(194i) Rapid and Facile Fabrication of Thermoplastic Organs-on-Chips

Authors: 
Koppes, A., Northeastern University
Hosic, S., Northeastern University
Murthy, S., Northeastern University
Introduction: Micro physiological cell culture systems or “organs-on-chips” have garnered interest from both academia and industry. The scientific community has predicted that organs-on-chips will be used to study disease pathology and facilitate drug discovery. Furthermore, it has been postulated that seeding patient derived cells within organs-on-chips will enable personalized medicine. However, the currently prevalent microfabrication of organs-on-chips via poly(dimethylsiloxane) (PDMS) soft lithography may limit widespread access to microphysiological systems and their use toward drug discovery. PDMS soft lithography requires specialized microfabrication training and facilities which aren’t widely accessible. Furthermore, PDMS absorbs hydrophobic molecules which is problematic for screening hydrophobic drug candidates. Finally, PDMS is highly gas permeable which is problematic for modeling hypoxic tissues like the intestine.

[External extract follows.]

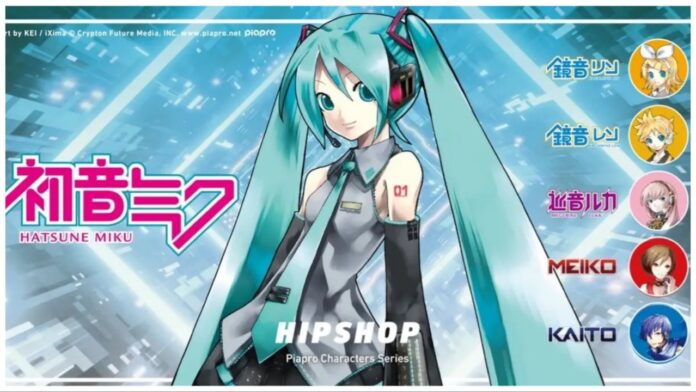 Feature image for our HIPSHOP x Piapro news showing the kei png of miku with collab details and icons for the other vocaloids visible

Methods: Here we present the facile, rapid, and scalable fabrication of a human intestine-on-a-chip using a commercial laser engraver systems, acrylic sheets, double sided adhesives, and a polycarbonate track etch membrane. The human intestine was recapitulated by culturing human Caco-2 cells in the apical fluidic compartment on a 1.0µm membrane while a syringe pump introduced cell culture medium into both the apical and basal fluid compartments. Caco-2 cells on chip were compared to control cultures of Caco-2 cells on commercial Transwell inserts via immunofluorescent staining for tight junction protein, F-actin, and cell nuclei. Mucus production on chip was compared to control Transwell cultures via immunofluorescent staining for mucin protein MUC2 and alcian blue staining.

Results: The fabrication methodology presented here boasts several key improvements compared to PDMS soft lithography: chip fabrication throughput was increased from days to hours while keeping material cost < $2 per chip, the technique doesn’t require any specialized microfabrication, the thermoplastic chip construction enables oxygen tension control, and the double sided adhesives simultaneously act as fluidic compartments and provide a leak free bond without additional surface treatments like oxygen plasma or silanization. Immunofluorescent staining revealed the chip construction was biocompatible with human Caco-2 cells that similarly expressed tight junctions and F-actin compared to Transwell control cultures. Immunofluorescent staining and alcian blue staining showed that Caco-2 cells on chip produced more mucus compared to Transwell control cultures. We envision that the low cost, rapid, facile fabrication technique presented here will enable widespread access to micro physiological systems for researchers without microfabrication infrastructure or training.